What’s this going to look like on the other side, when the pandemic is over? 

A lot of people are going to have some mental health struggles that they are going to be uncomfortable with, and they’re not necessarily going to be aware of it or looking out for it. For instance, I think a lot of physicians, particularly the front-line workers — and we can’t forget the nursing staff, everybody involved — I think that they are going to have some mental health issues after this that are going to need to be addressed. And I know myself and I know the phenotype of some other physicians that may not be very eager to seek help. We’re going to have to get comfortable with checking in mentally and asking for help when we feel like our mental health is deteriorating. 

How do we heal?

I think that a lot of what was lost during this pandemic is human connection, and I think we have tried to come up with different ways of making up for that, such as Zoom meetings or Zoom happy hours, social media. But it can’t really compare to genuine human connection. One big part of healing is going to be connecting with others, possibly like group therapy or just sharing your experience with other people, finding other people that have had a similar experience, and us all kind of educating ourselves on awareness of our mental health, and checking in with each other, and just supporting one another in the recovery process. 

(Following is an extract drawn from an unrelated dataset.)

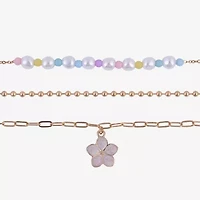 Arizona Womens Flower 3-pc. Necklace Set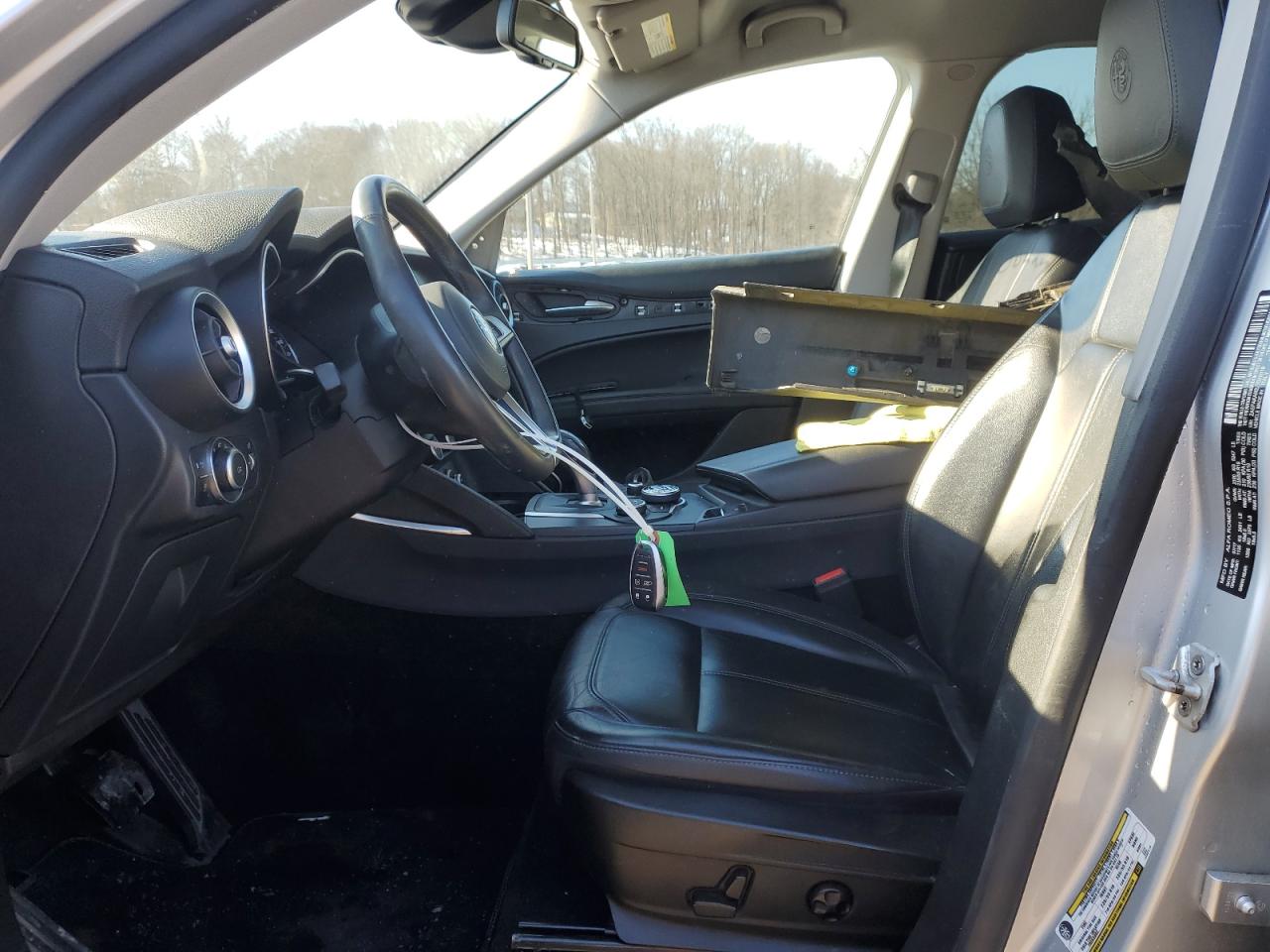 2018 Alfa Romeo Stelvio VIN ZASFAKAN2J7B80319 Copart auction photo, front end / minor dent/scratches damage thumbnail 7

Is there anything else you’d like to say?

One thing that I am trying to be a proponent of is to educate people about getting vaccinated, especially people of color, because I do think that we have been disproportionately affected. So that’s something that I’m trying to do, just let my friends and family know that it’s safe. I’ve done the research, I’ve been vaccinated myself. At the end of the day I think that the vaccine is a resource, and oftentimes people in marginalized communities and in resource-poor communities get left out on that. I really hope that’s not the case with the vaccine. I want us to educate ourselves about the vaccine and get vaccinated.

Interview conducted and condensed by Elisabeth Hulette Daugherty.